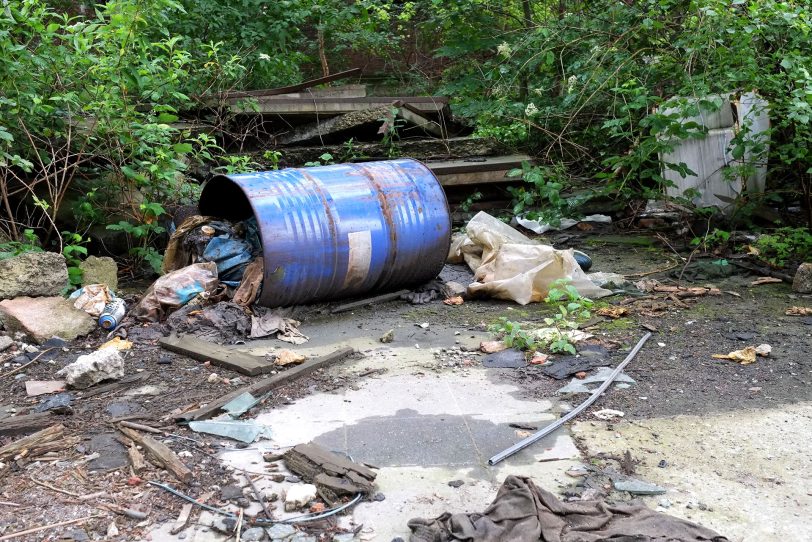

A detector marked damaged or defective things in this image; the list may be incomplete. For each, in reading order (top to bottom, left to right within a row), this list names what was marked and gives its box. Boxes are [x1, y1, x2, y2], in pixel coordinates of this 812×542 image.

rusty oil drum [197, 159, 450, 308]
rusted metal sheet [197, 159, 450, 308]
broken concrete edge [176, 348, 356, 424]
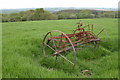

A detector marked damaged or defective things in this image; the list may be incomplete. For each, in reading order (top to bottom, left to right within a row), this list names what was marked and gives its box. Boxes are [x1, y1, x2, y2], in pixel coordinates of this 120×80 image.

rusty farm machinery [42, 21, 106, 67]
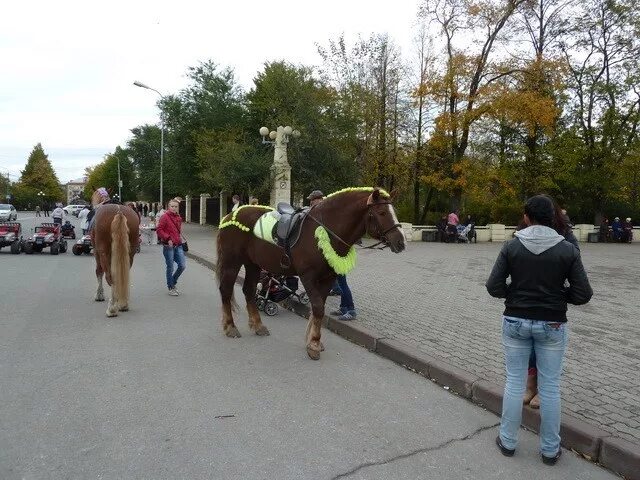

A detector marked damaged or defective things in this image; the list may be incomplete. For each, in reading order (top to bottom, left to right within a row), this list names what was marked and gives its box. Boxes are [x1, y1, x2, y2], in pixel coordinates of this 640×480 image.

road crack [330, 422, 500, 478]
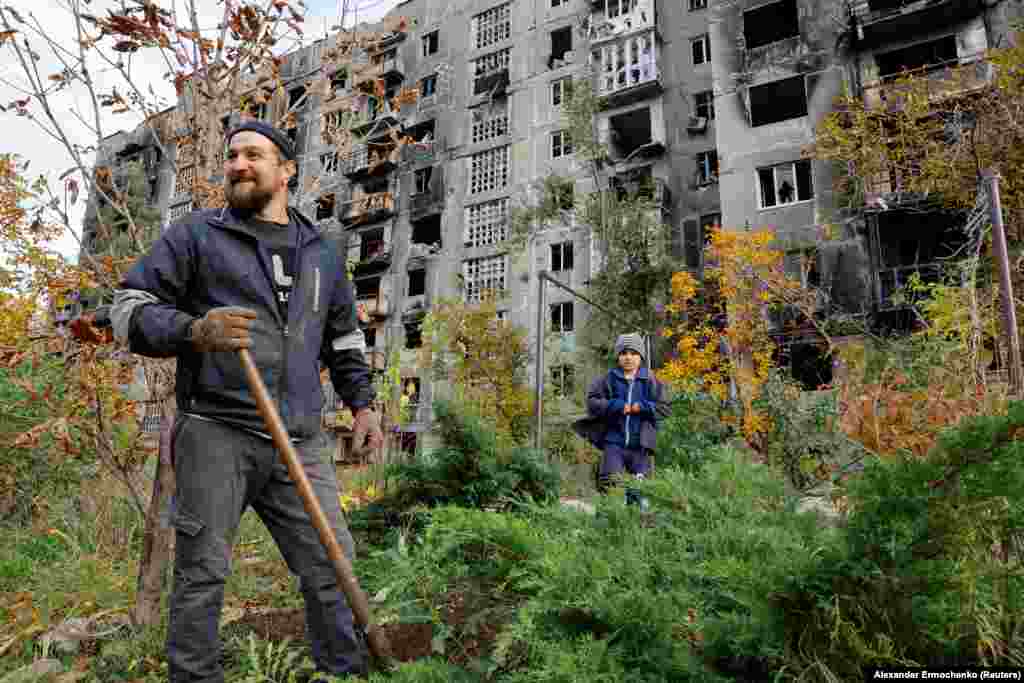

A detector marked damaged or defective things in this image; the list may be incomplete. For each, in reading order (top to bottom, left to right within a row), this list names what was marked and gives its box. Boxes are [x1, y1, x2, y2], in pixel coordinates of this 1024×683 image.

### [WORK REQUEST]
Only the pictures are to be omitted; the records above must otherwise be reproduced exactly.

### [TASK RESULT]
A detector marked damaged or defective things in this image; the list may be incomplete. For each, in reading order (top to bottom, left to right within a row), this list names what was marked and gives its box. Boxes are [x1, y1, x2, y2], in pixel coordinates of this 812×542 image.

rusty oil drum [197, 159, 450, 308]
rusted metal sheet [197, 159, 450, 308]
broken concrete edge [176, 348, 356, 424]

A detector marked damaged or defective things in this image; the list may be incomplete. For each, in reading order (top to bottom, left to right within a row), this list names what was marked and gives its box. Boxes are [x1, y1, x2, y2], in pixel coordinates of this 120×80 image.

rusty farm machinery [42, 21, 106, 67]

A detector marked damaged or defective things in this image; the list may be incomplete. For each, in reading order (top to bottom, left to right within a row), this list names what was marked and gives its box. Boxes are [x1, y1, x2, y2], in pixel coordinates of this 640×480 image.

road crack [330, 422, 500, 478]

A detector marked damaged or defective things in this image; the list may be incomplete. For each, in reading order (top to bottom, left to right within a row), this list names what was marked and gives its box. Boxes are [x1, y1, x2, y2], in pixel coordinates of this 1024×683 image.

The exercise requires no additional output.